The Cavern Pub is full of people, we Italians are perhaps the last to arrive in this human community that has existed for a long time and that welcomes us with sympathy and a certain amount of curiosity.
The historical group of English and Dutch friends has maintained contact during the years, there are familiar faces that crowd the pub, some of them we know for some time, others we have only heard of.
I immediately greet James Ingham and his girlfriend, and then Patrick Rowles, with them I am in good confidence, we met in 2011 during my first interview at Robert Borland’s home, to make the book.
Jean-Paul Van Mierlo arrives with his wife, we met in 2016 in Amsterdam during the wonderful evening of the presentation of the film at the International Documentary Festival (IDFA).
Audrey Eade does the honors, introduces us to other people, friends, wives, husbands, enthusiasts. The place is noisy and our difficulties with understanding English penalize us a little. I’m excited, I get confused, there are people I can’t immediately frame, I don’t realize for example that Robert, with the red jersey, who also went on stage during the first set with Elliot, Jan and Bob, is Audrey’s husband, I find out the day after the concert, when I find myself with fifteen of them, and with him, at the Merton & Sutton Cemetery, in the Morden area, to bring our greetings to Adrian.
In the pub there are several gentlemen who are pleased to meet us Italians, all tell us something, tell us what part they had, as young people, in this collective story. On the stage, an elegant and elderly gentleman comes up, he introduces the bands and officially opens the meeting. He is one of Adrian’s oldest friends, perhaps his own classmate, he is about the same age, his name is Peter Trower, the next day he is with us at the cemetery.
Back in Italy, Facebook helps me to reconstruct the puzzle made of faces, informations, stories. From 2011 to 2016 I collected a lot of material to write the book, and of course also many images. There is one that dates back to the summer of 1992, Adrian is on holiday in Crete with two of his friends: I only find out now that it’s Peter Trower and David Hawkins.
David is also present at the Cavern, and with us too, the next day. We speak little, but then we do a nice stretch of road together on foot, towards the bus stop, just enough to introduce ourselves, to say who we are, where we live, to mention our jobs, our normal Italian life that we daily conduct, with Adrian’s music we let it flow in mind as a permanent soundtrack.
We also meet Elliot Wheeler physically for the first time, but we know him better thanks to the more frequent contacts on Facebook already made in these years. Elliot has a particular visibility, has played with many groups and is socially very active.
Next to Audrey in the pub is a beautiful girl, typically English, blonde and smiling, talking to me and the Italian ladies, but even in this case I don’t totally understand what she wants to tell me. Marina then tells me: “Ehi look, she is I.V. Webb, who sang with Adrian on the Cinematic record, also collaborated with Dead Can Dance, has a wonderful voice”.
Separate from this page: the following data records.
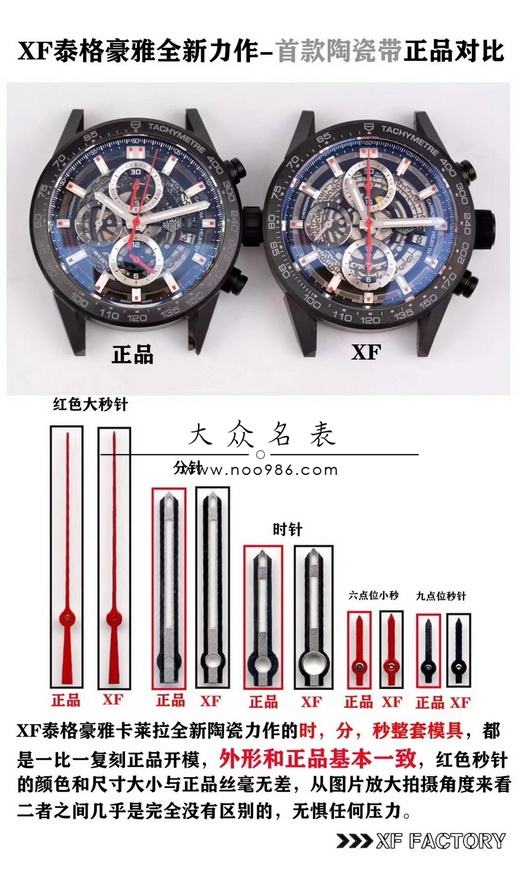 XF（VS）厂泰格豪雅卡莱拉全陶瓷计时手表真假对比评测 第4张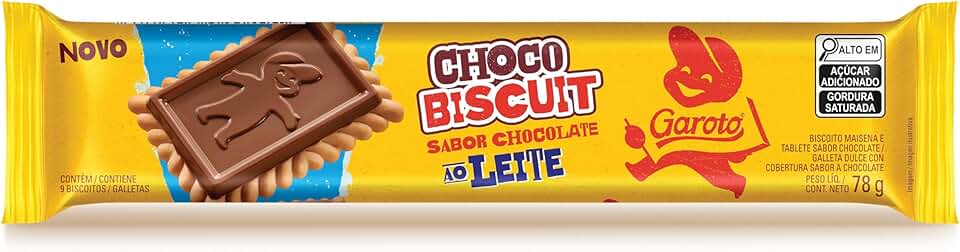 Biscoito com Chocolate Chocobiscuit GAROTO ao Leite 78g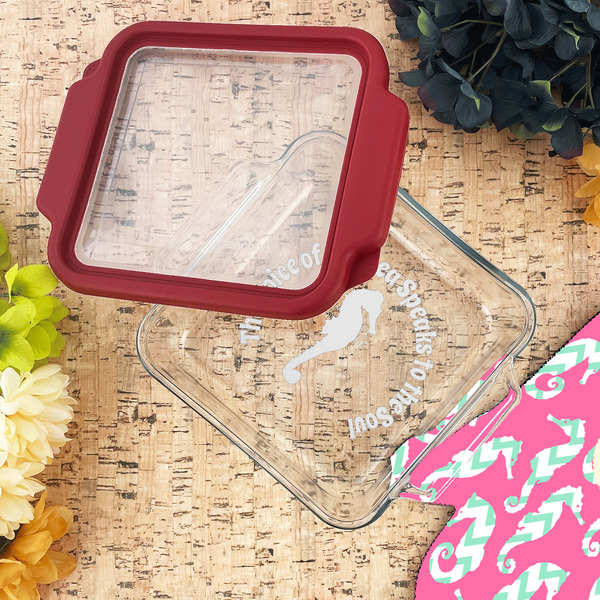 Sea Horses Glass Cake Dish - LIFESTYLE (8x8)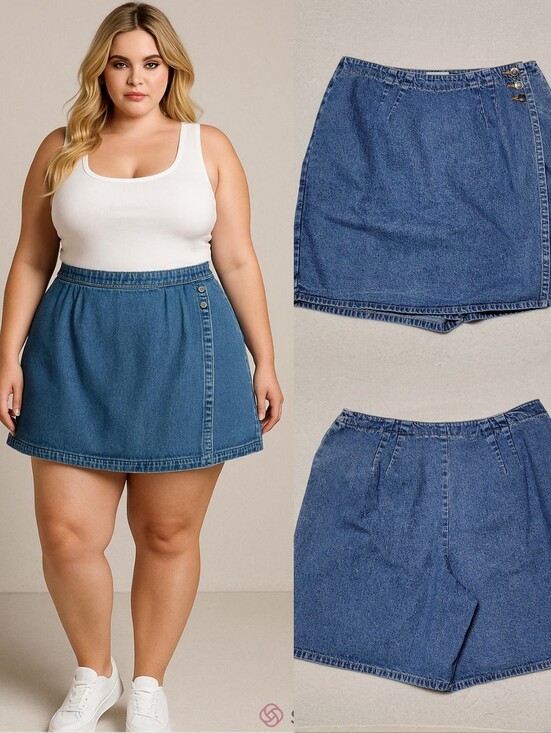 Vintage Pants - Willow Ridge Vintage 90s Mid-Wash Stone Wash High Waisted Denim Short Wrap Short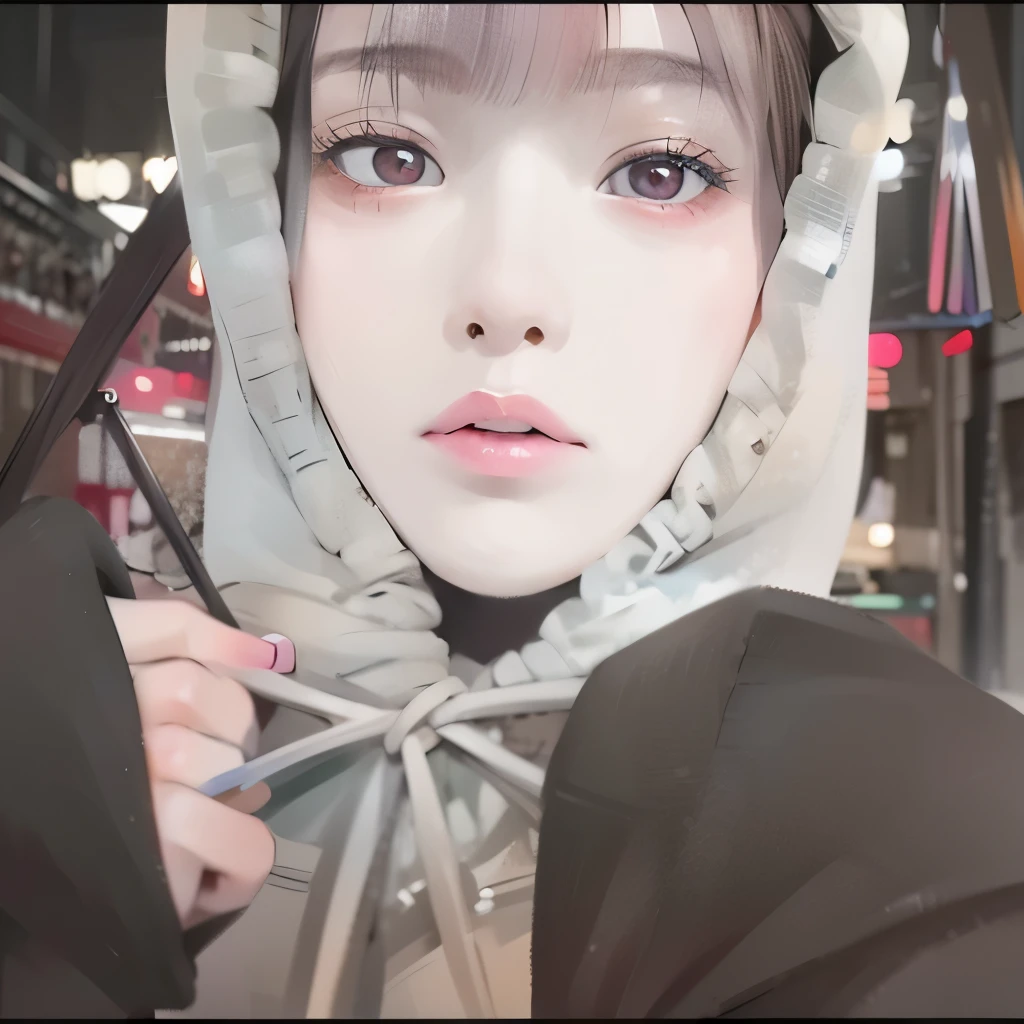 there is a woman with a hood on and a pair of scissors, ulzzang, wan adorable korean face, lalisa manobal, sakimichan, girl cute-fine-face, clear cute face, 8k)), from 8 k matte, she has a cute face, with big eyes, 8k selfie photograph,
What a pity, I had been more lucid and concentrated, I would have asked her a thousand questions, I would have asked her many things.
But the best meeting is with a gentleman who approaches me and thanks me for making the book, some of his friends introduce him to me, “he is Rick Hussey”, and when I hear his name I immediately understand, he was the technician of the lights of the band, in my book there is a photograph that shows him with Max Mayers, Mike Dudley sent it to me. So I rush to get a copy of the book, I put some in the vicinity of the stage, I want to give it to him, I insist, but he tells me not to worry, and to want to be the one to deliver to us, to me and to Jean-Paul Van Mierlo, some old materials concerning the band, he takes them to the hotel.
We sit outside the Pub, talking, a photographer appears, his name is Alan Bell. “He is the photographer who made these famous photos of Adrian, look!” Jean-Paul tells me. These are the photos of the last few years, those of the publication period of 5: AM.
Alan Bell asks us to be able to photograph ourselves, Rick Hussey and me, Jean-Paul and me. We talk and deploy all together, amiably, there is a beautiful atmosphere, a happiness that unites us.
“Max was a great person” says Rick, “a very dear friend to me”.
The conversation is pleasant with everyone, but the concert is there on stage to attract our attention, it’s difficult to reconcile the excitement of live show with public relations.
After Kevin Hewick’s performance I approach him and introduce myself, he seems upset, maybe there is something about his show that didn’t satisfy him, but it’s only an his personal feelings that we can’t grasp, for us it was pure adrenaline. We hug like old friends, he gives me two of his CDs that I now jealously keep.
The following morning also Kevin is with us at the cemetery, each hands Adrian a flower, someone deposits the guitar pick on the tombstone, someone else, like me, remains absorbed in his thoughts. Twenty years have passed since the death of this dear common friend.
The faces of each of us now show the signs of a life that has gone, but whatever happened it was an adventure, an inevitable path, with all its baggage of pains, defeats, failures that break us down, but then, when the love, friendship and passion pervade our eyes, even as short flashes, it returns the emotion that is the salt of everything, and brings us back to the unshakable things we love.